→ Activity
Print exactly the lines below between the line containing "Details for 11300" and the line containing "May Necklace", counting both of those lines. Leave pictures out.
-------- The data --------
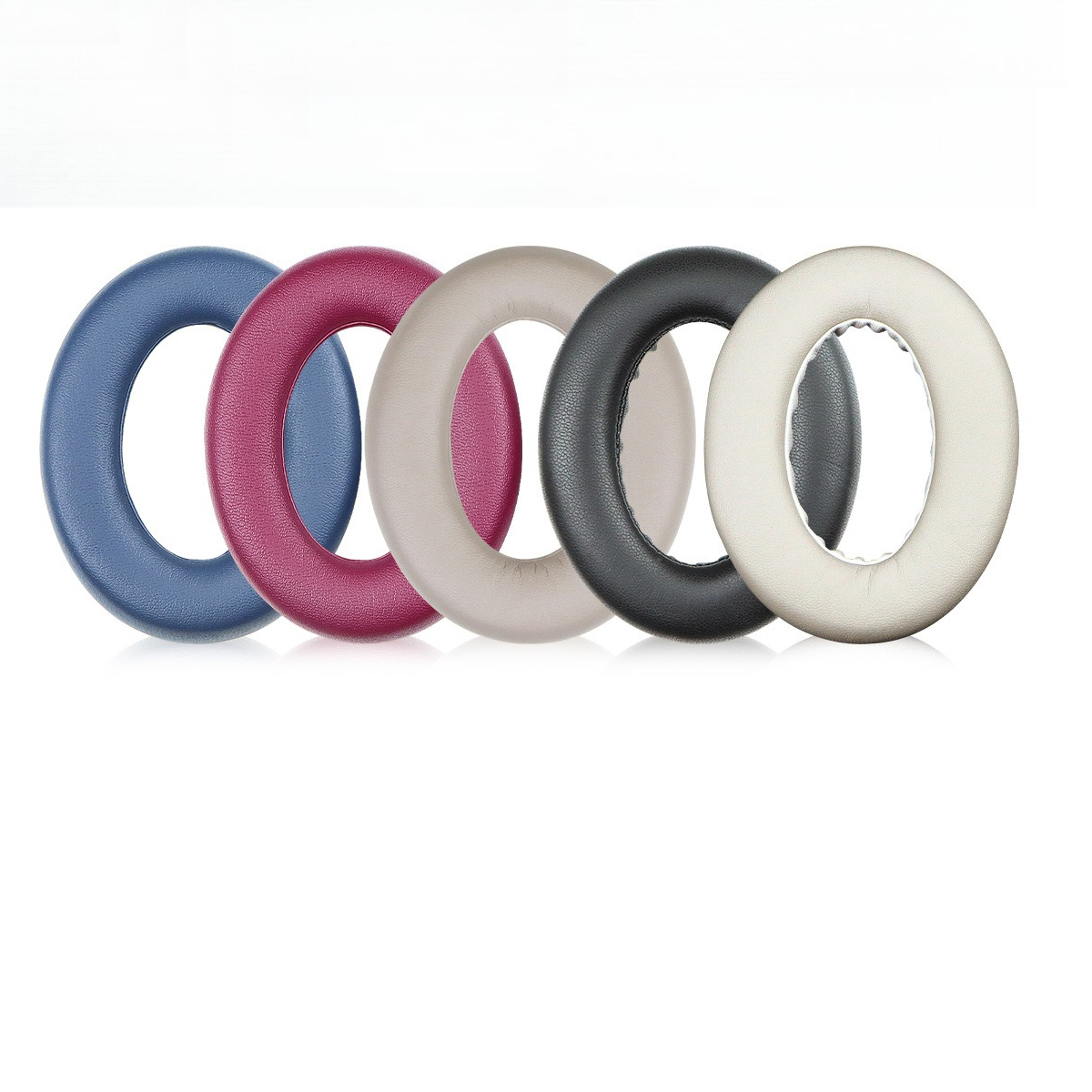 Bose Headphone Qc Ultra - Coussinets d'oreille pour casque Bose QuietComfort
--------
-------- The data --------
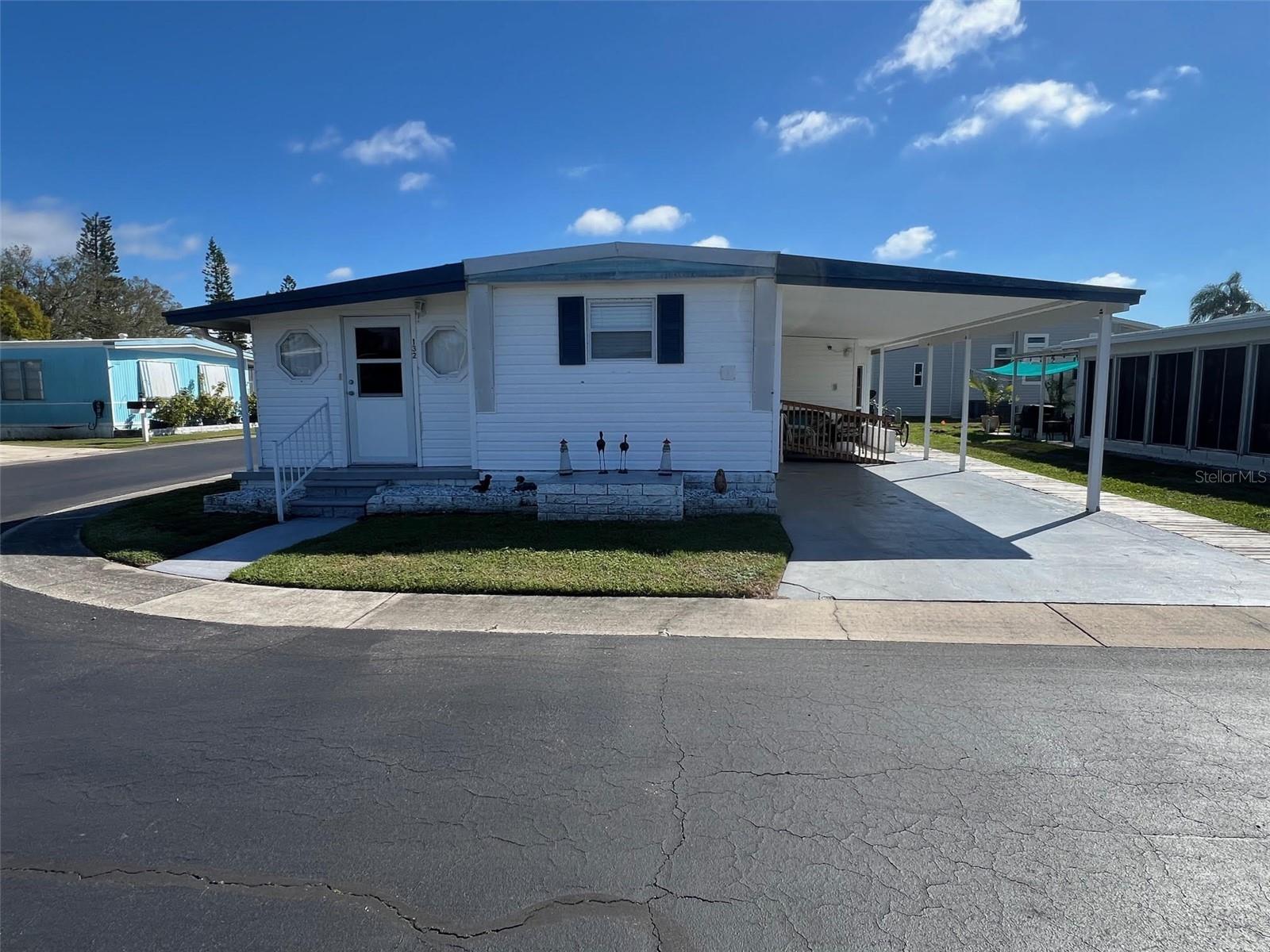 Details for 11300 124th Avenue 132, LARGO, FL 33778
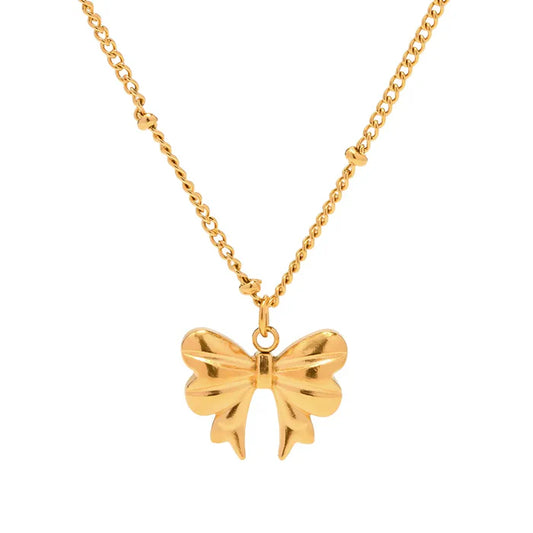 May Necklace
--------
→ Solution below
 Details for 11300 124th Avenue 132, LARGO, FL 33778
 May Necklace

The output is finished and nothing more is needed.